Depuis que la crise économique et financière frappe de plein fouet, le développement durable et le Grenelle de l’environnement ne font plus les gros titres. Qu’en est-il dans les entreprises ?

L’économie verte, soit les activités qui sont générées par les entreprises produisant des biens/services qui réduisent les nuisances environnementales, reste-t-elle une priorité pour les grands groupes, ou est-elle complètement laissée de côté ?

Le Cercle de l’Industrie a publié un rapport sur l’industrie face à l’économie verte. Il se base sur une étude réalisée auprès de quinze grands groupes hexagonaux (Air France, EDF, Alstom, GDF-Suez,Veolia Environnement…) dans sept filières vertes : les biocarburants, le captage et le stockage du carbone, l’efficacité énergétique des bâtiments, les smart grids, la chimie verte, le stockage de l’énergie et les services d’économie de la fonctionnalité.

Première conclusion du rapport, même si les grandes entreprises ont une vision positive de l’économie verte, celle-ci ne constitue pas encore une priorité pour les grands groupes français, d’autant plus qu’avec la crise tout le monde semble se serrer la ceinture pour rester compétitif.

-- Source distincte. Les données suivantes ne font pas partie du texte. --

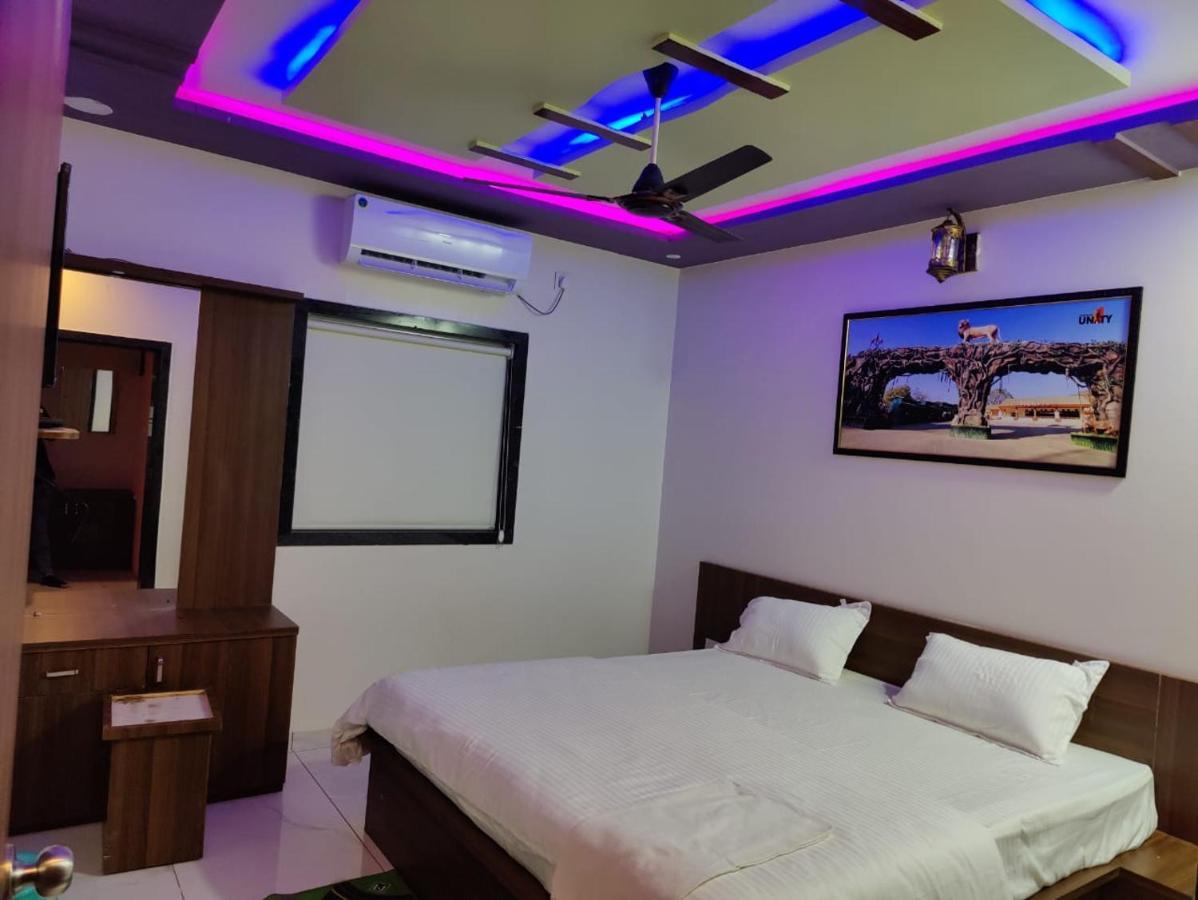 Hotel Sardar Rooms Garudeshwar Kültér fotó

L’économie verte est plus une préoccupation de long terme, et les entreprises françaises misent sur le développement d’un marché important dans les années à venir. Aussi, plutôt que de se lancer de plein fouet dans l’économie verte, qui n’a pas encore un impact économique suffisant, elles préfèrent pour le moment investir dans la recherche.

Autre enseignement intéressant de ce rapport, le développement de l’économie verte est majoritairement influencé par les politiques environnementales ainsi que par le prix des ressources énergétiques et des matières premières. A contrario, les ONG, les investissements privés et le comportement des ménages ne semblent pas être des leviers déterminants.

Enfin, le rapport prédit qu’une fois à maturité, l’économie verte ne sera pas vraiment différente de l’économie dans son ensemble : « mondiale, concurrentielle et risquée ».